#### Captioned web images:
[Start of section]
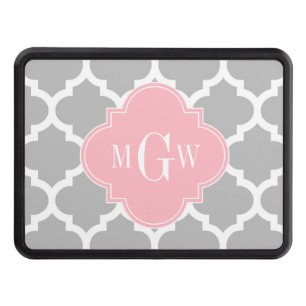 Gray White Moroccan #5 Pink 3 Initial Monogram Tow Hitch Cover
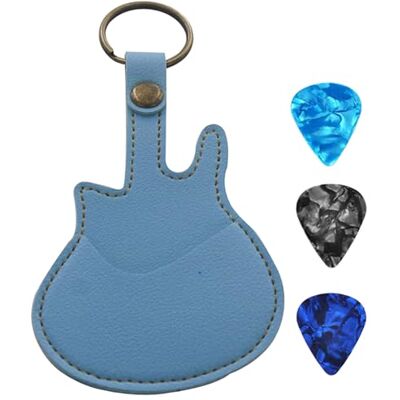 Generic Plektrentasche und Tragetasche aus PU Leder mit Schlüsselanhänger für Gitarre, Bass, Ukulele, Halteretui mit 3 Aufbewahrungstaschen Generic Plektrentasche und Tragetasche aus PU Leder mit Schlüsselanhänger für Gitarre, Bass, Ukulele, Halteretui mit 3 Aufbewahrungstaschen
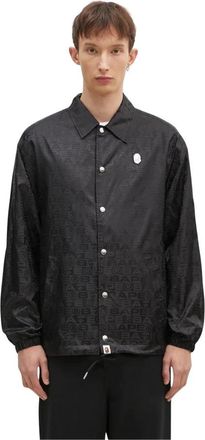 A Bathing Ape Lux Sport Patroon Jacquard Nylon Coach Jacket - Heren - Zomerjassen - Zwart - XL - Nylon - Jassen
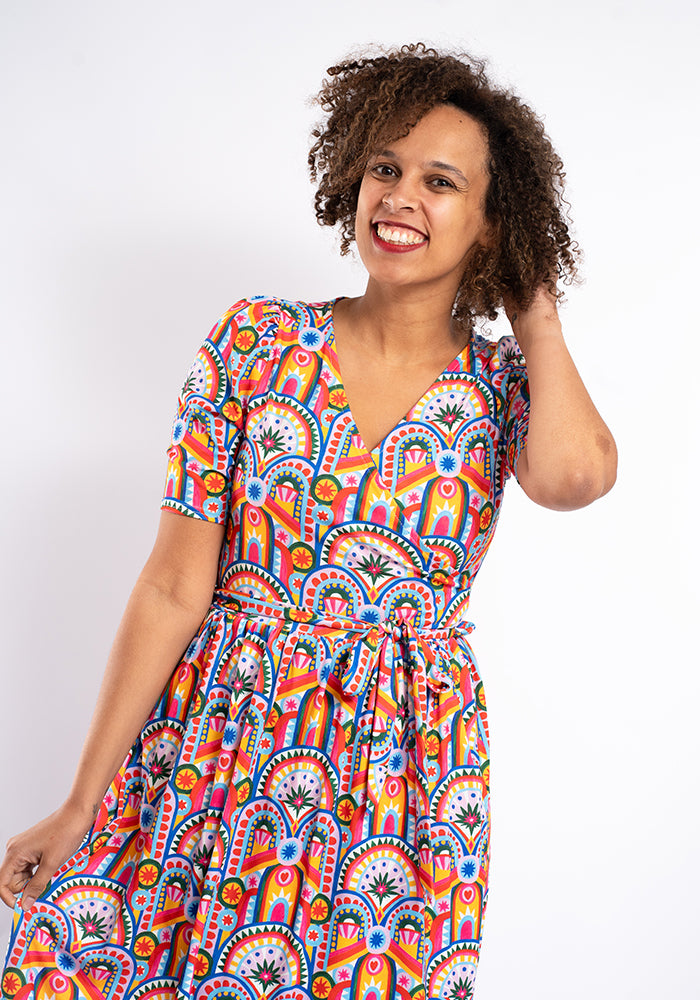 Gatsby Hand Painted Deco Print Midaxi Dress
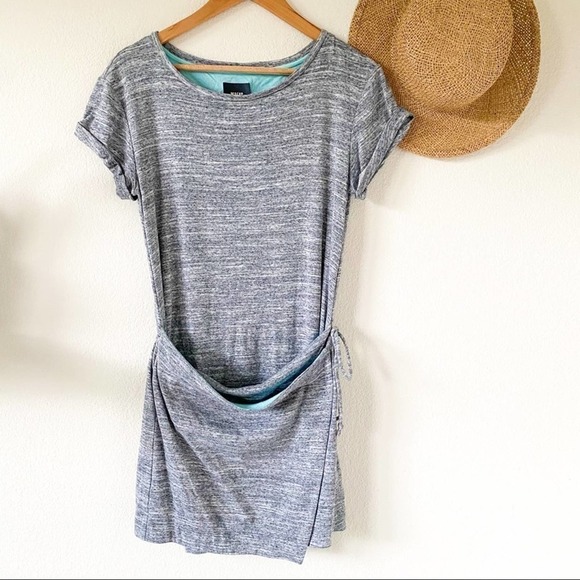 Anthro Maeve Grey Wrap Tee Dress size S Small Anthropologie - Picture 4 of 8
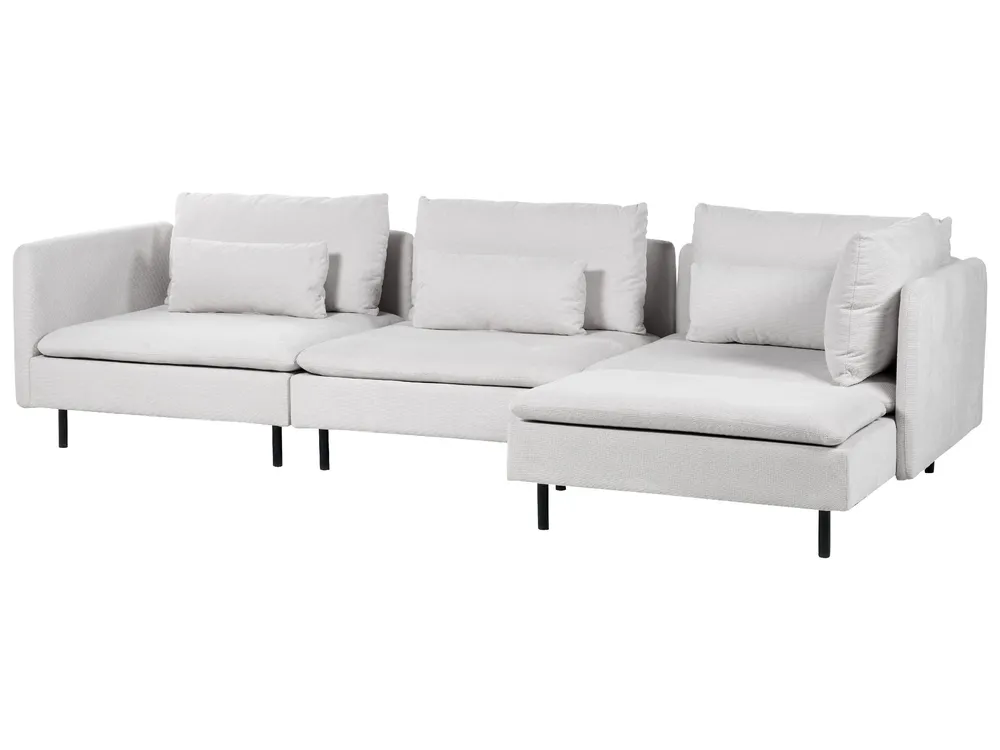 Left Hand Encaixável Fabric Corner Sofa Grey EGERIS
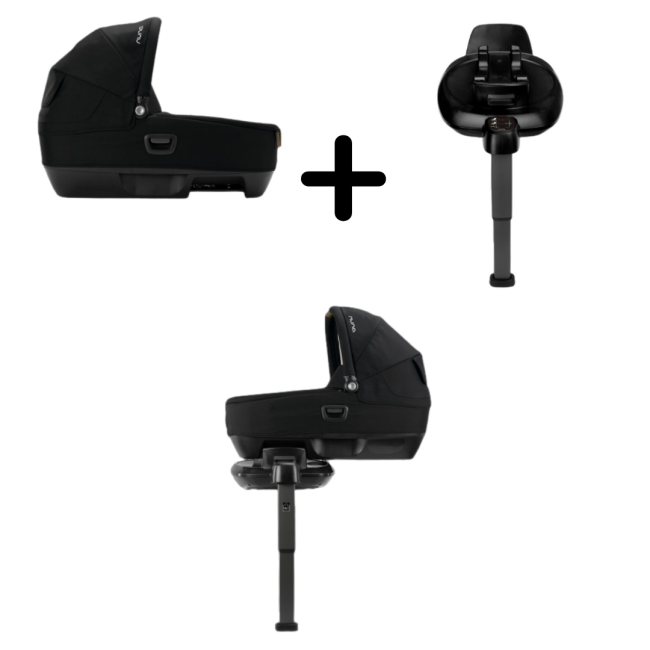 Nuna - Set Landou CARI next Caviar, 40-70 cm + Baza isofix BASE next i-Size pentru CARI next BBBCS15900CVRGLSET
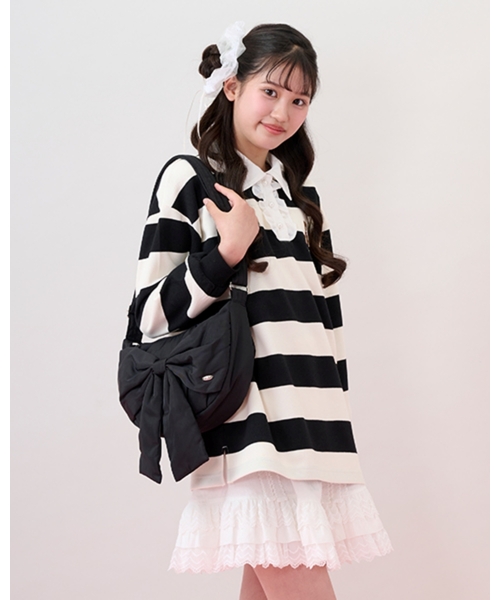 mezzo piano Junior(メゾピアノジュニア)の「ふんわりリボンの三日月ショルダーバッグ(バックパック/リュック・キッズ・ピンク/ホワイト/ブラック・F)」の17枚目の写真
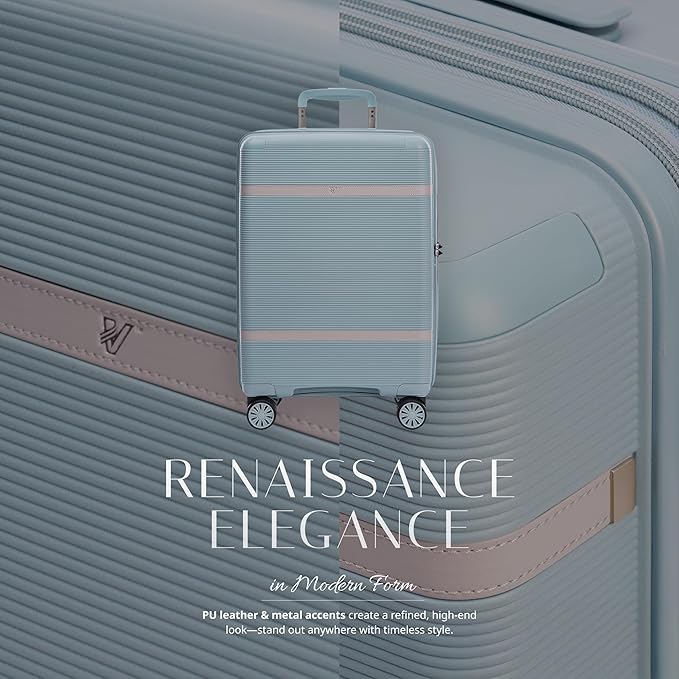 Verage Florence Hardside Carry-On Luggage with Spinner Wheels, Lightweight Expandable Suitcase with TSA Lock, Artist-Inspired Stylish Travel Luggage for Women, 20-Inch, Aqua Mist
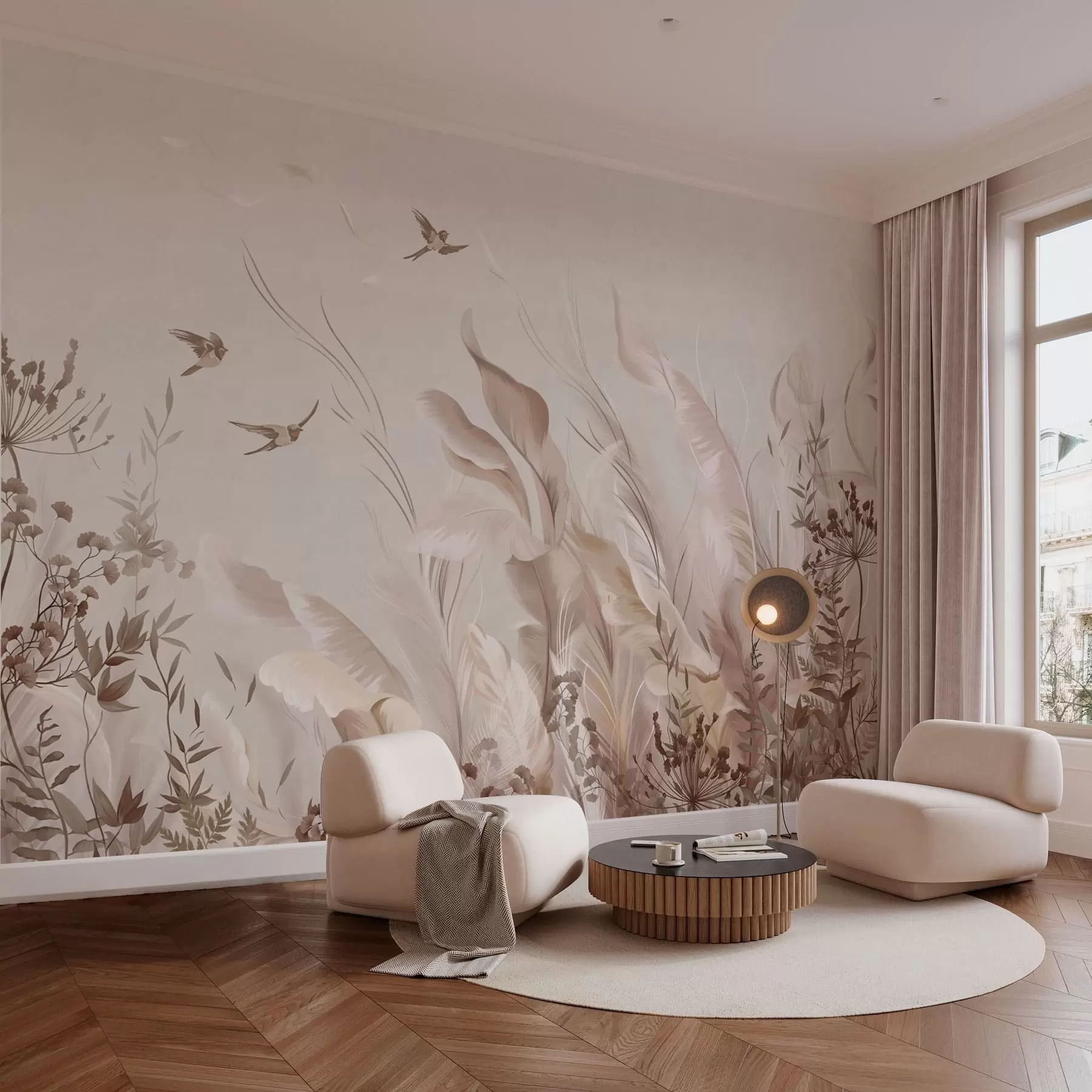 wall murals Soft feathers, grasses and birds in light tones w05395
[End of section]
#### Task brief:
All pictures are to be skipped. Output, word for word, the lines in the data above starting at the line containing "3 Aufbewahrungstaschen Generic" and ending at the line containing "Gatsby Hand Painted Deco Print Midaxi Dress".

#### Task solution:
 Generic Plektrentasche und Tragetasche aus PU Leder mit Schlüsselanhänger für Gitarre, Bass, Ukulele, Halteretui mit 3 Aufbewahrungstaschen Generic Plektrentasche und Tragetasche aus PU Leder mit Schlüsselanhänger für Gitarre, Bass, Ukulele, Halteretui mit 3 Aufbewahrungstaschen
 A Bathing Ape Lux Sport Patroon Jacquard Nylon Coach Jacket - Heren - Zomerjassen - Zwart - XL - Nylon - Jassen
 Gatsby Hand Painted Deco Print Midaxi Dress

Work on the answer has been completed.